(Extracted records)
--------------------
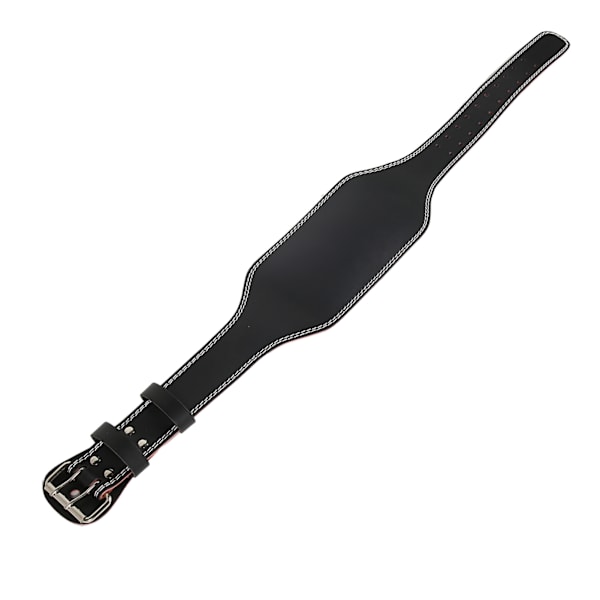 Painonnostohihna Pehmeä PU Vähennä painetta Vahva Tuki Waist Trainer Fitness Belt Musta M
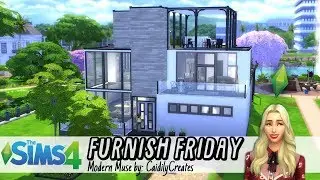 Furnish Friday | Modern Muse | Collab with CaidilyCreates | Sims 4 | Plume's Plots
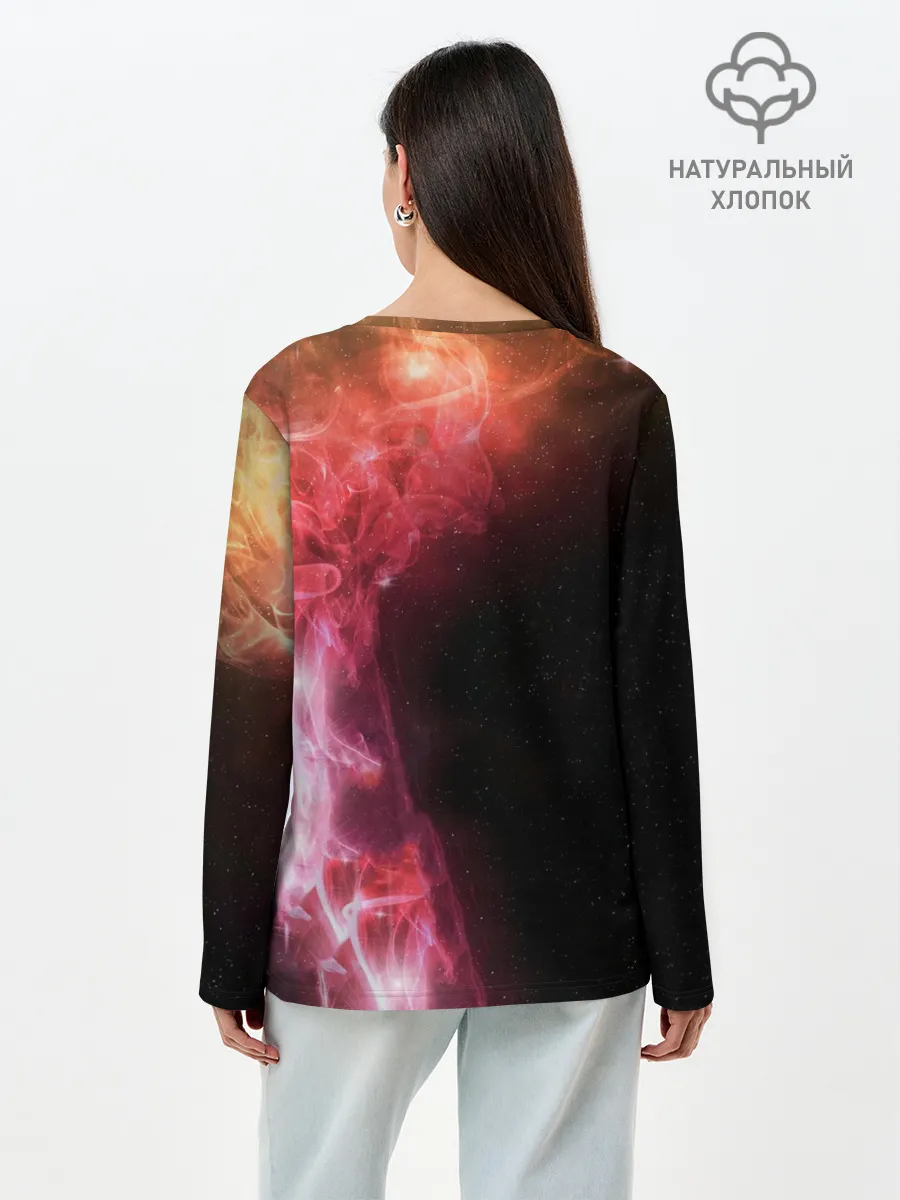 Лонгслив женский. Хлопок / ПРИШЕЛЕЦ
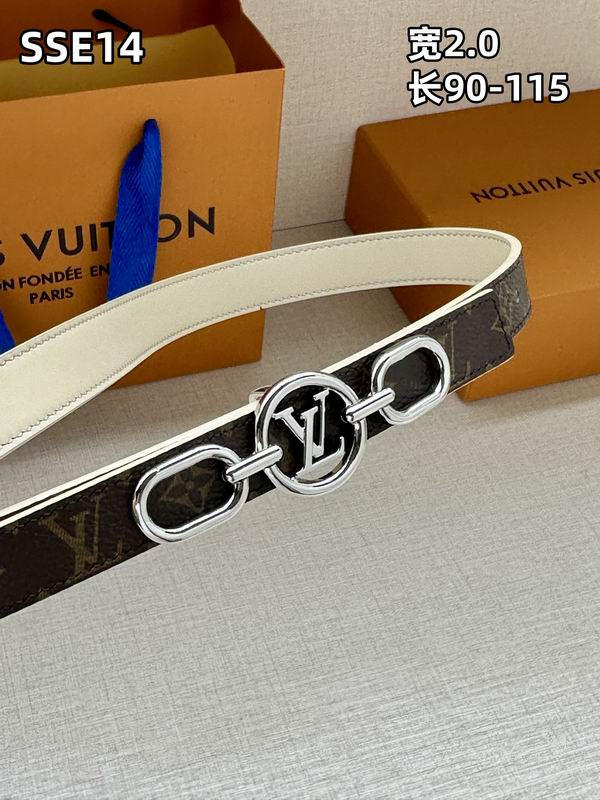 LV belt 20mmX90-115cm 8L (345)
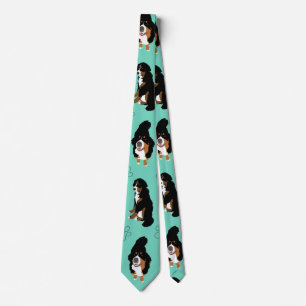 Bernese Mountain Dog Tie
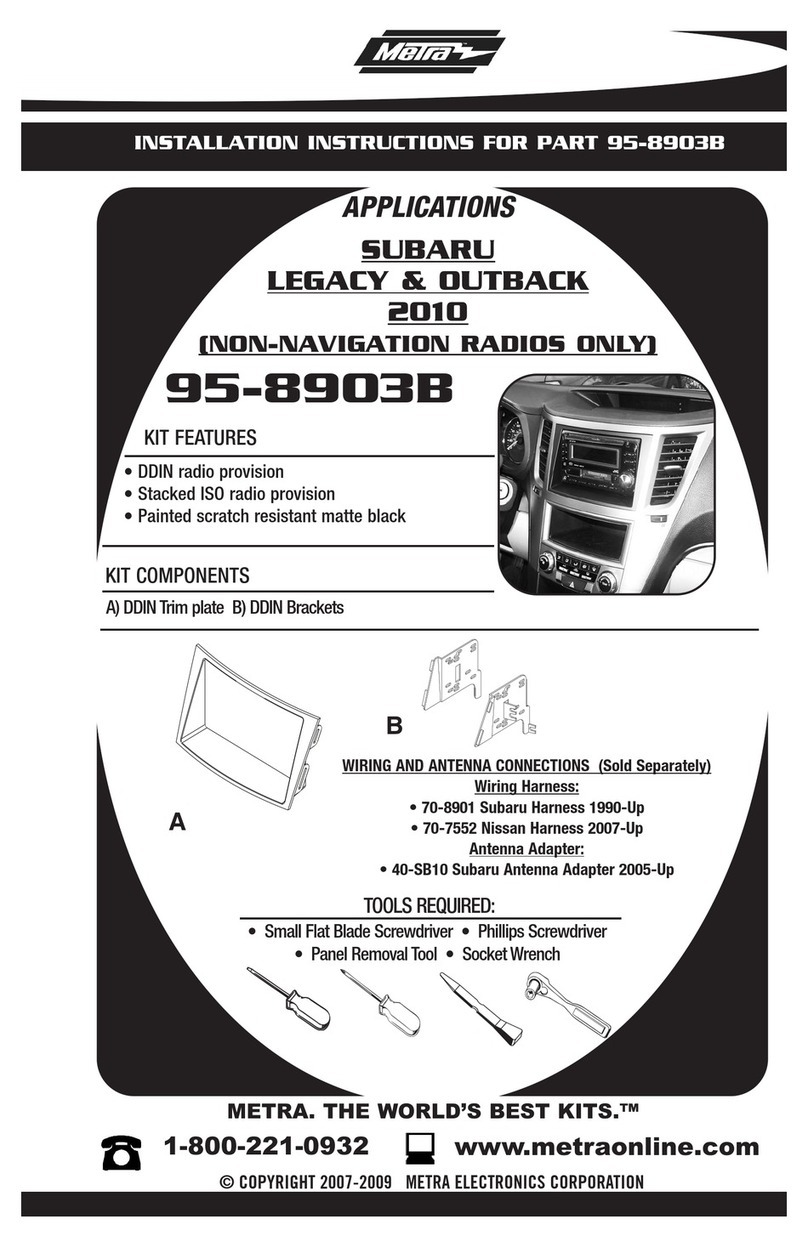 Metra Electronics 95-8903B installation instructions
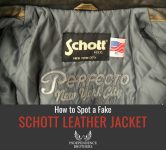 Namaak Schott leren jack – Independence Brothers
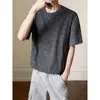 Verano 2026 Nuevo Camiseta de Manga Corta para Hombre 240g Algodón Tie-Dye Desgastada Casual Oversize Top Juvenil Marca de Tendencia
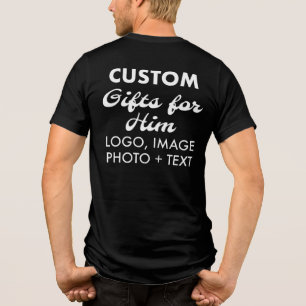 Anpassningsbar personlig Baksida Manar Tri-Blend T Shirt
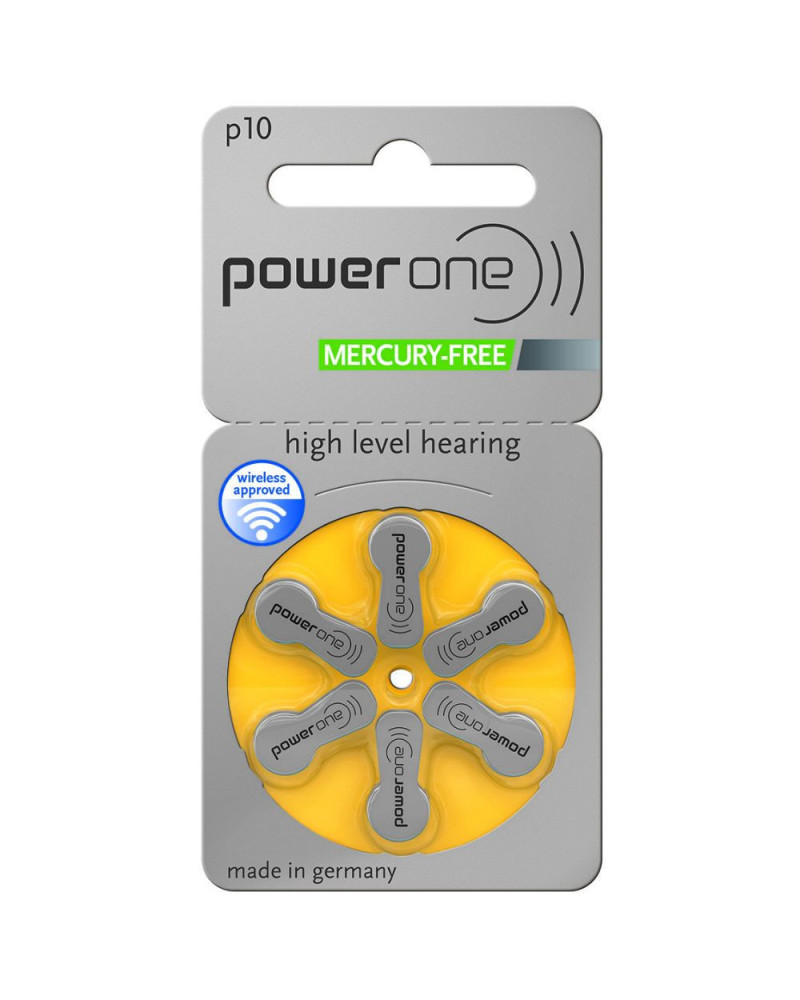 Piles auditives POWER ONE 10 - 1 plaquette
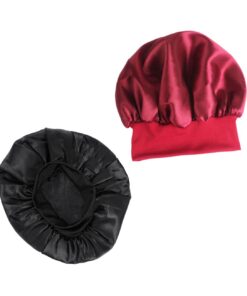 2 Stück Haarkappen Für Damen Chemomützen Mit Breiter Krempe Haushalts Haarpflegemützen Badehüte Aus Hochwertigem Material Elastisches Design Für Bequemes Tragen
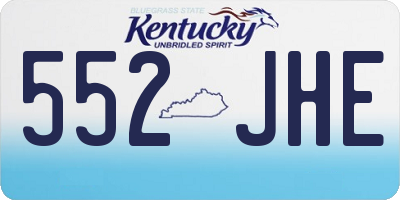 KY license plate 552JHE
--------------------
**Directions for this task:**
Would you retype the lines from the line containing "Bernese Mountain Dog Tie" to the final line of the entries above, exactly as given and without pictures?

**Written solution:**
 Bernese Mountain Dog Tie
 Metra Electronics 95-8903B installation instructions
 Namaak Schott leren jack – Independence Brothers
 Verano 2026 Nuevo Camiseta de Manga Corta para Hombre 240g Algodón Tie-Dye Desgastada Casual Oversize Top Juvenil Marca de Tendencia
 Anpassningsbar personlig Baksida Manar Tri-Blend T Shirt
 Piles auditives POWER ONE 10 - 1 plaquette
 2 Stück Haarkappen Für Damen Chemomützen Mit Breiter Krempe Haushalts Haarpflegemützen Badehüte Aus Hochwertigem Material Elastisches Design Für Bequemes Tragen
 KY license plate 552JHE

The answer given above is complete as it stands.